And it is a rather scary feeling. To the point that it is often accompanied, and sometimes replaced by the urge to run away.

Wednesday, September 9, 2015

So please brush up on your Kundera

Dear future hubster,
please don't be surprised when you see me inspecting your book collection basically the first time you let me in your apartment. It will help me pick up hints about secret hidden corners of your personality, but more importantly, that way I could know whether you already own two of the most important books about (human) relationships.
It would be a huge relief if you did, because I usually hand them out upon breakups, and I have no intention quitting you.

Monday, September 7, 2015

Dimples are allowed

Dear future hubster,
I hope you have a wicked sense of humour.
Because I like to think I'm funny, and I will require your confirmation on that.
In other words: I will enjoy making you laugh. 

Friday, September 4, 2015

It's times like these when my faith I feel

Dear future hubster,
for a very long time I didn't understand why the concept of having a crush was forced on me by life.
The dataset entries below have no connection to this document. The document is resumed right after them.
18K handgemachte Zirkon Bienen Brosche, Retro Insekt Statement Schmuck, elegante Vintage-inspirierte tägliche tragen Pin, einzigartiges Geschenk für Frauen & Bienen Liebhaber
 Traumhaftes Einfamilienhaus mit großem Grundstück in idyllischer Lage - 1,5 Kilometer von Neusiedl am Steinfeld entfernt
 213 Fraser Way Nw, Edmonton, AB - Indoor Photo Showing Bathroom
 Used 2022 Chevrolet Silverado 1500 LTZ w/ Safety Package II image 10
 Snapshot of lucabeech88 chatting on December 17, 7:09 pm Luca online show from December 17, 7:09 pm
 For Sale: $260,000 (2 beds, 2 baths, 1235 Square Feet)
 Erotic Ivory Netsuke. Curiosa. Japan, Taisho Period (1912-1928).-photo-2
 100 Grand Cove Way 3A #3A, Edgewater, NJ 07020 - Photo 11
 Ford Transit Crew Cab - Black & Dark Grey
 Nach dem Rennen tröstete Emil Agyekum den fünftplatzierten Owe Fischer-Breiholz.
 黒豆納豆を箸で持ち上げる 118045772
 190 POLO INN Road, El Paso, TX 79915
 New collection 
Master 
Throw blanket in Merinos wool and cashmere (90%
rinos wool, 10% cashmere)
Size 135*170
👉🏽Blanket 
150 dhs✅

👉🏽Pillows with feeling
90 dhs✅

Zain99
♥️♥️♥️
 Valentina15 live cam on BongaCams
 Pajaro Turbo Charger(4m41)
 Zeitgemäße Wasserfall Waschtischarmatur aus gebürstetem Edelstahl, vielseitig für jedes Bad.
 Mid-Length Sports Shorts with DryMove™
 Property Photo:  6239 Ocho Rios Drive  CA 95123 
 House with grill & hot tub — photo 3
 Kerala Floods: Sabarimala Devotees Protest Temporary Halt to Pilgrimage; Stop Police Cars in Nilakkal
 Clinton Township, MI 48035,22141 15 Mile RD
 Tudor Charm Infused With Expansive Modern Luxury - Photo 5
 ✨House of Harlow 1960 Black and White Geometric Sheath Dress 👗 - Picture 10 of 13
I didn't understand why I need to be tortured with butterflies and sleepless nights for something that doesn't go anywhere. For something, that in all fairness may not even exist but in my head.
But the thing is, it's good for you! We all know how it feels when you want to impress somebody. You want them to realize you are the best thing they can have. 
You make an effort to look good (mind you, swahili has an actual verb for that), but that's the least of it. You want to appear smart, and funny, and entertaining, educated, witty, caring, independent, sporty. You want to be a good cook, a good listener, a good friend, you want to be motivational, supportive, blunt, honest, accepting, kind, curious, intriguing. 
You want to be everything they would find attractive. 
Except, you probably don't have the faintest idea what they find attractive. So all those things you want to be for them is actually your idea of being a good, a better version of yourself.
And you make all those efforts, and they may or may not acknowledge your existence, but at the meantime you acknowledge the existence of your own better version. And that's quite a revelation, and a reassuring one at that. "I'm a person I find attractive!".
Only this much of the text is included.